Ireland bounced back from the brink of bankruptcy from the 2008 financial crisis with strong economic growth after a few tough years, Irish Finance Minister Michael Noonan said yesterday.
Difficult policy measures were taken despite a possible loss of support from the ground and citizens had to make sacrifices, but it mostly worked, he told a public lecture held at the Regent Singapore hotel on St Patrick's Day.
Mr Noonan, wearing a bright green tie as a nod to Ireland's national holiday, added: "Contrast this with other countries in Europe who didn't make the decision so promptly and you can see the difference."
Ireland's economy grew by 5.2 per cent last year and across all sectors - divided into two public and 12 private sectors during the recovery process.
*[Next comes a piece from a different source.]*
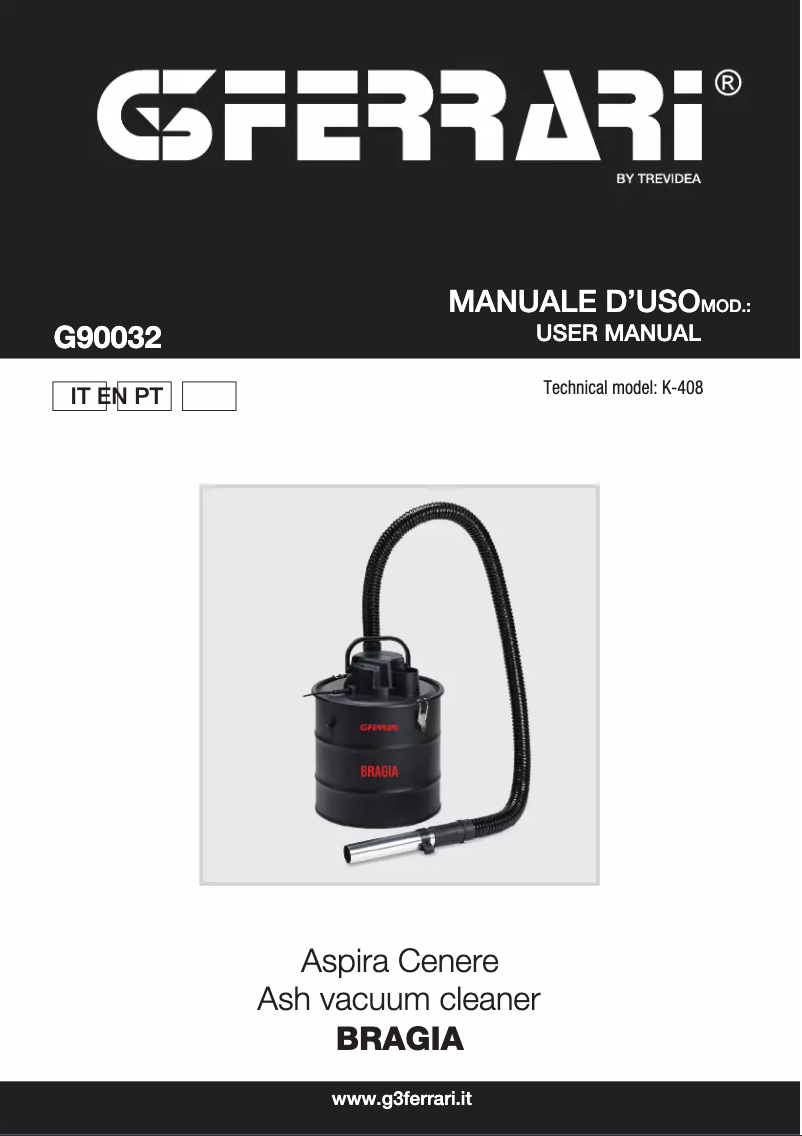 Page 1 of the manual User Manual G3 Ferrari Bragia G90032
In the last three months of last year, its economy grew 7.2 per cent, year on year.
"Every sector put on extra jobs in 2016 so we have an economy now that's broadly based, growing across all sectors and regions, starting from Dublin to the Greater Dublin area and spreading to all cities and into rural Ireland as well."
This is a remarkable feat from a rapid decline in 2008, as Ireland's economic model relied strongly on one sector - building and development - back then.
EVERY LITTLE BIT COUNTS
It's a lesson of how small margins and changes can have big economic effect.
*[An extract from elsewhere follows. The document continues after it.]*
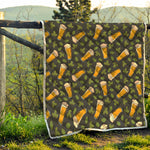 Beer Hop Cone And Leaf Pattern Print Quilt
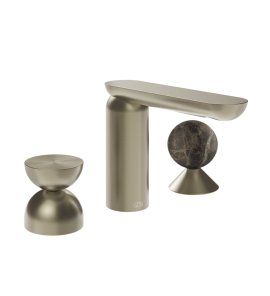 Gessi Perle Bateria umywalkowa 3-otworowa bez korka finox brushed nickel/metal/emperador dark marble 74918.149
IRISH FINANCE MINISTER MICHAEL NOONAN, on how more tourists arrived after tax rates were cut and an aviation or travel tax of just €3 was scrapped.
Mr Noonan recalled it was where "cheap money" prevailed, funding property development at ultra-low interest rates, and inflation across all property sectors. The Irish government was relying on transactional taxes from property, and when the sector collapsed, banks went underwater too.
In 2010, Europe and the International Monetary Fund (IMF) had to intervene with an international rescue package worth €85 billion (S$128 billion). The recovery programme was over three years and came with "difficulty and great sacrifice" as Ireland overhauled its economic model.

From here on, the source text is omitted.